Atherosclerosis involves the build-up of lesions (or plaques) formed from lipids, such as cholesterol and fatty acids. If these rupture, they can partially or completely block blood flow, causing a heart attack or stroke.
27HC belongs to a family of molecules known as oxysterols. It is produced during the normal breakdown of cholesterol and is known to accumulate in atherosclerotic plaques.
The UT researchers discovered that 27HC promotes the formation of atherosclerotic plaques, causing a doubling in the accumulation of lipids in the arterial wall.
It achieves this through mechanisms mediated by estrogen receptors. Normally, these receptors enable estrogen to protect against the development and progression of atherosclerosis – but 27HC blocks them and prevents these beneficial effects from being realised.

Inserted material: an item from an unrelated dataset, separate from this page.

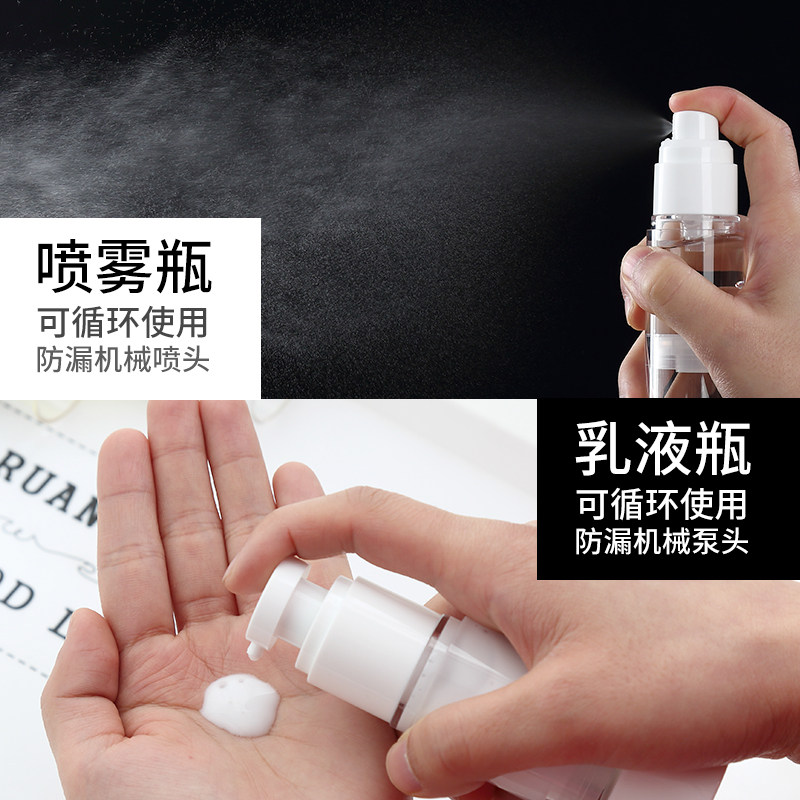 真空瓶子小分装瓶旅行按压式套装喷雾瓶喷瓶壶乳液化妆品便携补水,农用物资,苗木固定器/支撑器,淘宝优惠券,粉丝福利购,淘宝优惠卷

"When 27HC is present, estrogen's protective effects are only observed at very high levels of the hormone," said senior author Dr Philip Shaul, holder of the Associates First Capital Corporation Distinguished Chair in Pediatrics.
"This result may explain why hormone therapy with estrogen does not provide cardiovascular benefit in women with pre-existing atherosclerosis, in which 27HC is abundant in the vascular wall."
The researchers found 27HC triggers inflammation in the arterial wall, a key step in the establishment of atherosclerotic plaques.
This was characterised by the exaggerated production of molecules known as cytokines that drive inflammation, as well as the enhanced attachment on the arterial wall of immune cells known as macrophages.
Macrophages then accumulate lipids (such as cholesterol) and trigger the formation of atherosclerotic plaques.
Dr Shaul said complementary therapies are needed to combat atherosclerosis, even though statins have already had dramatic impact, and targeting 27HC could help to fulfil this role.